閉店時間までの勤務で。チーフが不在の時には、さいごにレジを締めて、お金を店の金庫や、銀行の夜間金庫に入れる仕事も任された。(大金を預かって、銀行に向かうのはいつもドキドキだった。)
接客・レジ打ちはコンビニで慣れていたので、仕事を覚えるのは早かった…と思う。(^^;
そのうち、新しく入ったパートさんの指導を頼まれるようになった。親子かそれ以上、歳の離れた年長のパートさんに教えるのは、それなりに気を使うことが多かった。厨房にはベテランのパートさんがたくさんいるのに、何故、若手アルバイトのワタシなんかに指導させるのだろう?と、当時は不思議に思っていたけれど。
今ならなんとなくわかる気がする。
厨房はいつもパートのおばさんたちの噂話でもちきりだった。いつも誰かが誰かの悪口や文句を言っていて、聞いていると人間不信に陥りそうになるほどだった。
ひとりだけ年の離れたわたしは、その中に巻き込まれることはなかったのは幸いだったけど。
たぶんチーフも人間関係がドロドロの同世代のパートさん同士よりも、子どものような年齢の若いアルバイトに教えさせるほうが、無難だと思ったのだろう。
(値付けやレジ打ち等、機械操作だけは早かったしね。
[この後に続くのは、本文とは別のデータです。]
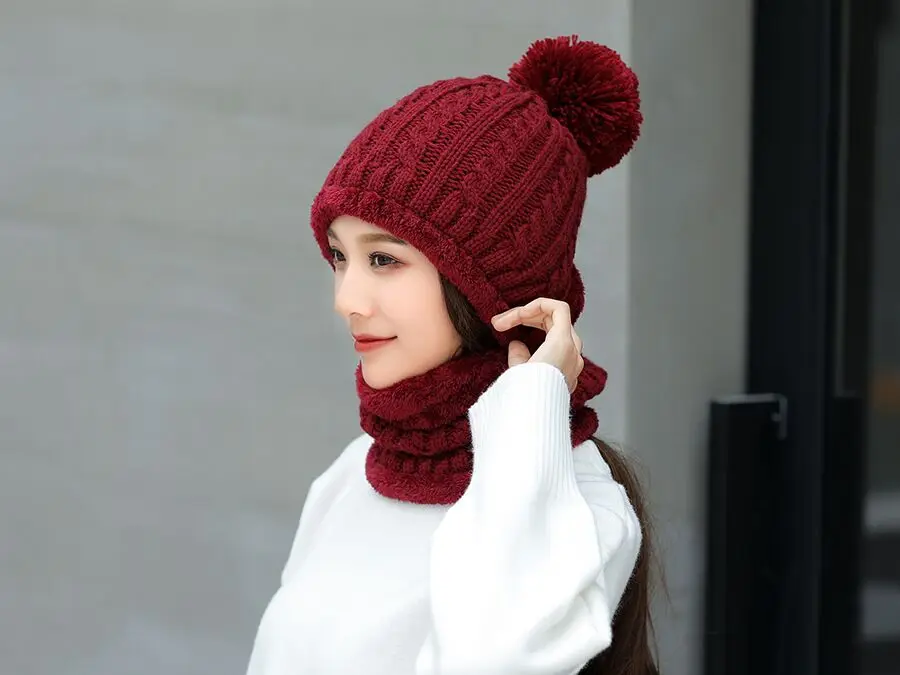 MAERSHEI зимние Skullis Beanies набор шапки и шарфа с помпоном для женщин и мужчин шерстяная шапка s Балаклава маска Gorras Bonnet вязаная шапка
)
パートさんたちの人間関係に気を使うことはあったものの、仕事自体は楽しかった。
いろいろなお惣菜が出来るのを見るのは、わくわくした。味付けは専用調味料を使うものが多く、揚げ物も業務用フライヤーを使うので、温度管理が楽で、わたしでも失敗せずに調理ができた。何だか料理が上手くなったような気分になれるので嬉しかった。(料理の上達に関していえば、錯覚だったみたいだけど。)
残りものを安く買えたり、時には貰えることもあって、食べるものに困らなくてすむのも、有り難かった。
はじめは週3〜4日出勤だったのが、だんだん休み辛くなり、気がつけば、週5〜6日になることも増えた。
適当に手を抜いたり、上手く休む方法を知らなかったから、だいぶ疲れていたように思う。
仕事以外のいろいろな出来事や事件もあり、精神的に不安定だったある日。
からだが動かなくなって。
仕事に行けなくなって。
バイトを辞めることになった。
不登校の時と同じじゃないか。
わたしはアルバイトもまともにできないのかと。めちゃくちゃ落ち込んだ。
仕事自体が出来なかったわけでも、嫌だったわけでも無かったから、なおさらショックだった。
そしてしばらくひきこもっていた。